- Born: Mirjana Škorić 8 July 1970 (age 56) Belgrade, SFR Yugoslavia
- Genres: Pop-folk
- Occupations: Singer; TV personality;
- Instrument: Voice
- Years active: 1988–present
- Labels: Diskos; PGP-RTS; Grand Production; City Records;

= Mira Škorić =

Mirjana Škorić (Мирјана Шкорић; born 8 July 1970), better known as Mira Škorić, is a Serbian singer. She made her recording debut with the album Niko kao mi in 1988. Škorić has worked with singers such as Ceca, Lepa Brena, Vesna Zmijanac, Aca Lukas, Željko Bebek and Ana Bekuta.

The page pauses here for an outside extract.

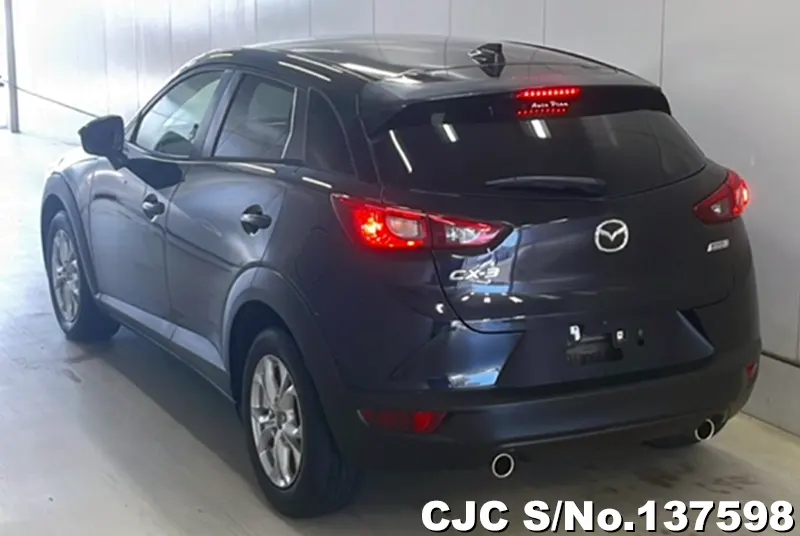 2015 Mazda / CX-3 Stock No. 137598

She has received various music accolades, including the Life Achievement Award from the Union of Serbia's Music Artists (SEMUS) in 2019.

In October 2019, Škorić marked over three decades of her career with a solo concert in the Sava Centar, Belgrade.

In addition to her career in music, she has appeared on the television shows Veliki Brat VIP All Stars (2009), Parovi (2015) and Tvoje lice zvuči poznato (2017).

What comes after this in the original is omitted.